Set down the data below without change, skipping the pictures it holds.

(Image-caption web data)
◇ ◇ ◇ ◇ ◇

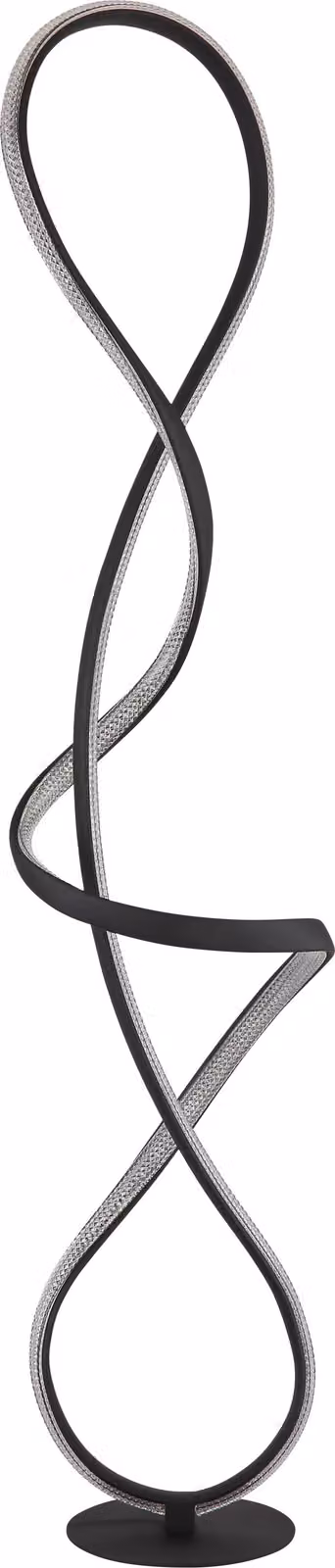 Lampada da terra a LED, cristalli, nero opaco, H 135 cm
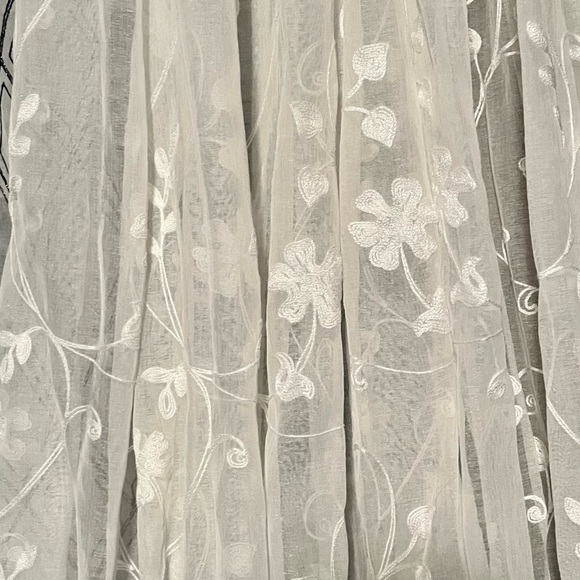 Sheer Embroidered Floral Panel Pair in Cream, 36” x 82” - Picture 1 of 3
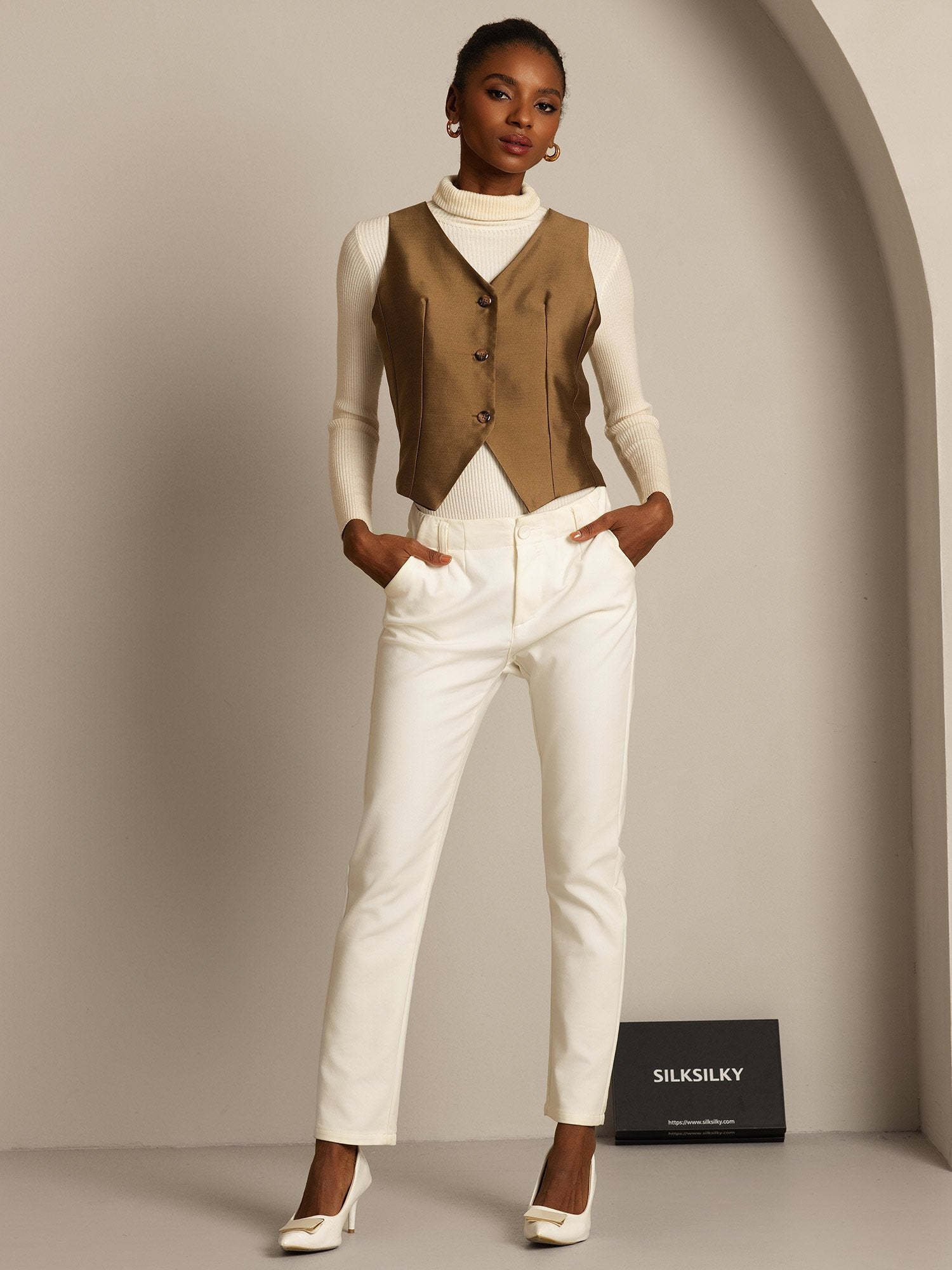 [Bronse] SilkSilky-NO 32Momme Silk-Wool Blend Womens Vest 007,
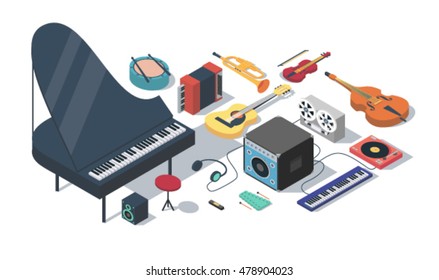 Music, vector isometric illustration, icon set: bass, turntable, synthesizer, reel tape recorder, amplifier, xylophone, guitar, trumpet, accordion, drums, violin, headphones, harmonica, piano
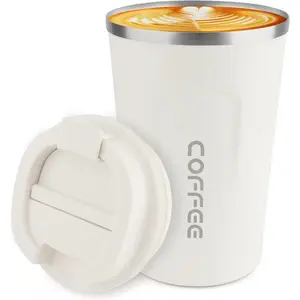12 Oz Stainless Steel Vacuum Insulated Tumbler - Coffee Travel Mug Spill Proof with Lid - Thermos Cup for Keep Hot/Ice Coffee,Tea and Beer (White) others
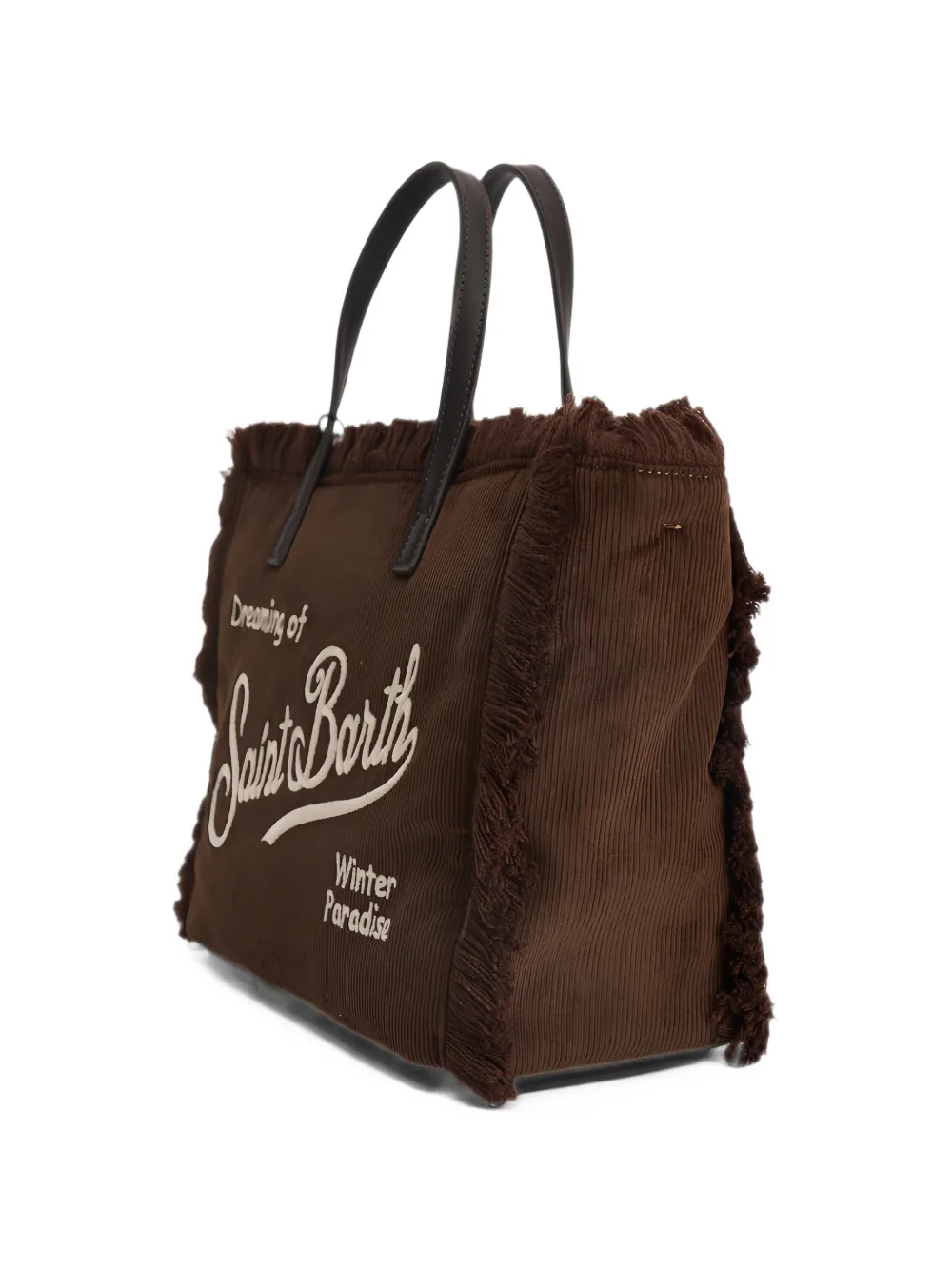 MC2 Saint Barth Colette corduroy fringed tote bag Bruin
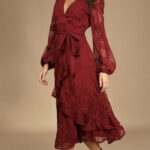 best fall wedding guest dresses 2023 - ruffled red flowy wrap dress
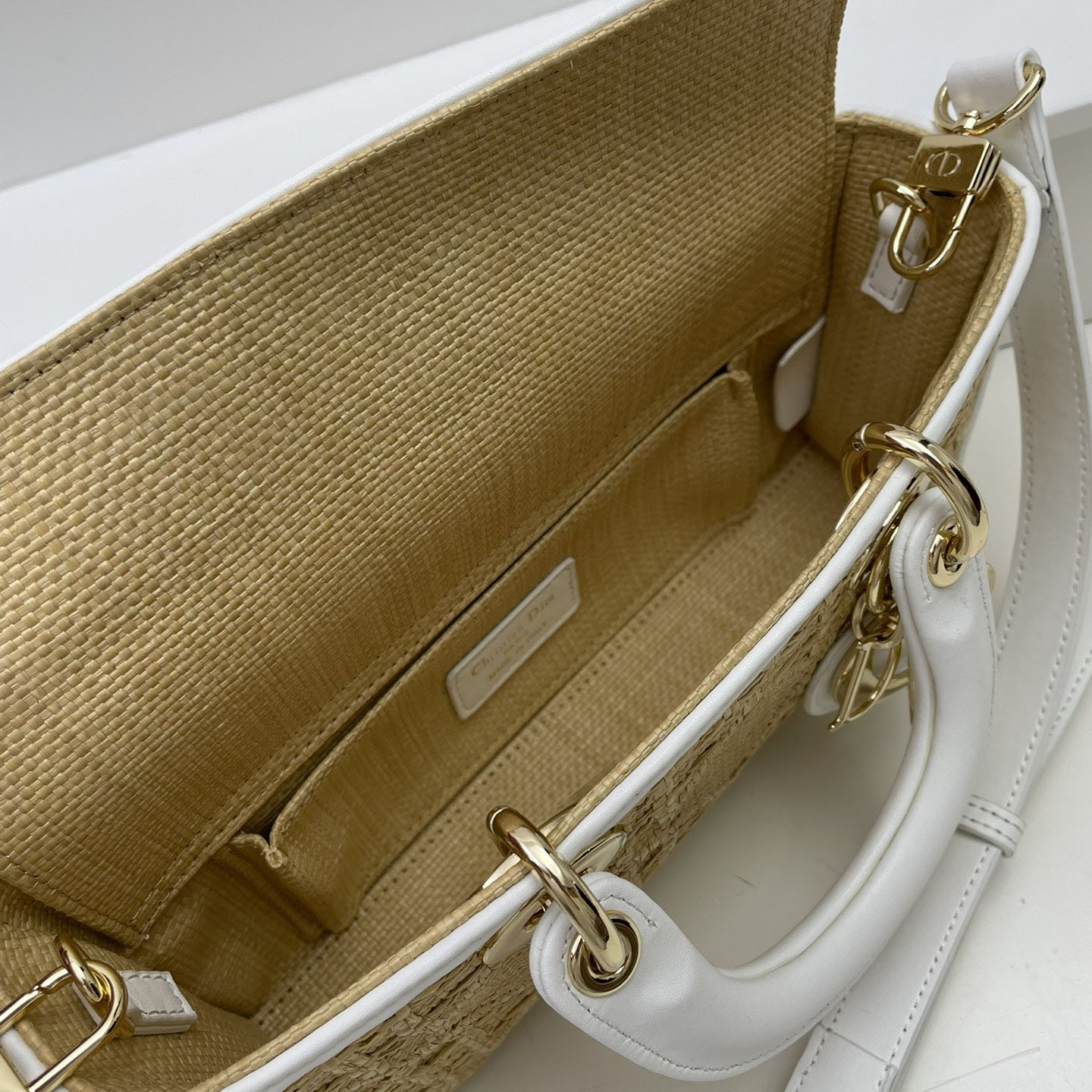 Dior Lady D-Joy Raffia Shoulder Bag Handbag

◇ ◇ ◇ ◇ ◇

- [Finished exercise]
 Lampada da terra a LED, cristalli, nero opaco, H 135 cm
 Sheer Embroidered Floral Panel Pair in Cream, 36” x 82” - Picture 1 of 3
 [Bronse] SilkSilky-NO 32Momme Silk-Wool Blend Womens Vest 007,
 Music, vector isometric illustration, icon set: bass, turntable, synthesizer, reel tape recorder, amplifier, xylophone, guitar, trumpet, accordion, drums, violin, headphones, harmonica, piano
12 Oz Stainless Steel Vacuum Insulated Tumbler - Coffee Travel Mug Spill Proof with Lid - Thermos Cup for Keep Hot/Ice Coffee,Tea and Beer (White) others
 MC2 Saint Barth Colette corduroy fringed tote bag Bruin
 best fall wedding guest dresses 2023 - ruffled red flowy wrap dress
 Dior Lady D-Joy Raffia Shoulder Bag Handbag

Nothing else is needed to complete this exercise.